Unnötige Diskussion um den Mindestlohn

Der gesetzliche Mindestlohn bringt die Tariflandschaft in Deutschland gehörig durcheinander. Das liegt unter anderem daran, dass die Gewerkschaften in Deutschland in vielen Branchen einen außerordentlich dürftigen Organisationsgrad haben und dies durch politische Einflussnahme (zu gut Deutsch: Lobbyarbeit) zu kompensieren versuchen.

Es erscheint vielfach einfacher, politische Entscheidungsträger aufs Pferd zu setzen statt in Kleinbetrieben des Handwerks Mitglieder zu gewinnen.

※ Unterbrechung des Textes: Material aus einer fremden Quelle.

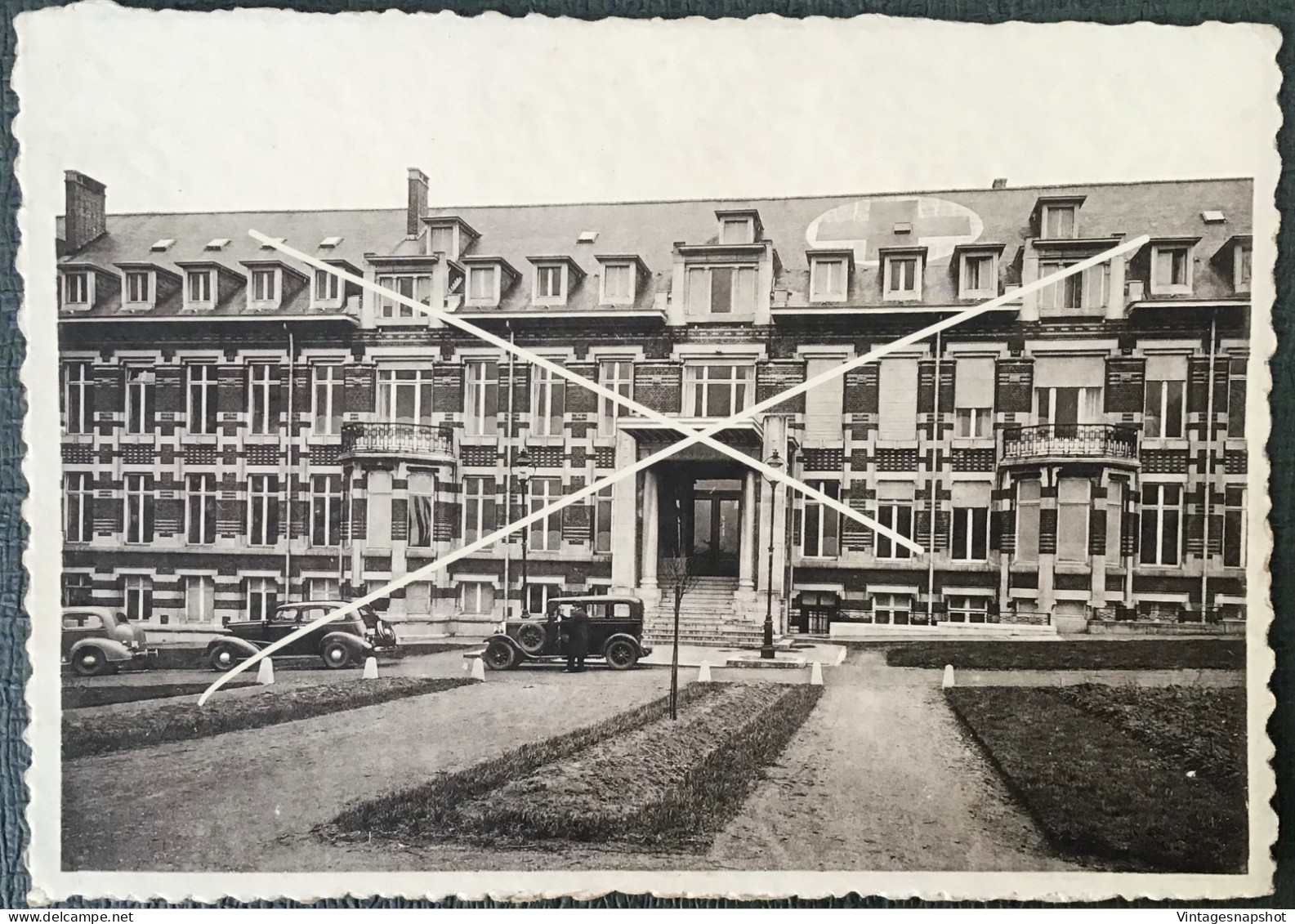 BOUSSU Hôpital De La Caisse Commune D'Assurance Des Charbonnages Du Couchant De Mons. Entrée Principale. CP PK 1940-1950 - Lens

Daher ist es noch nicht ausgemacht, ob der Beschluss der Mindestlohnkommission zu einer Anhebung des Mindestlohns auf 12,41 Euro zum 1. Januar 2024 und ein Jahr später auf 12,82 Euro Bestand hat, das heißt, in einem Gesetz umgesetzt wird. Die Mindestlohnkommission hat sich die Arbeit nicht einfach gemacht und letztlich aus guten Gründen die Arbeitnehmerseite überstimmt. Die macht es sich ihrerseits jedoch zu einfach, einzig und allein auf die hohe Inflationsrate zu verweisen. Und warum soll gerade beim gesetzlichen Mindestlohn eine höhere Steigerung eingreifen als in den Tarifverhandlungen zum Beispiel der IG Metall.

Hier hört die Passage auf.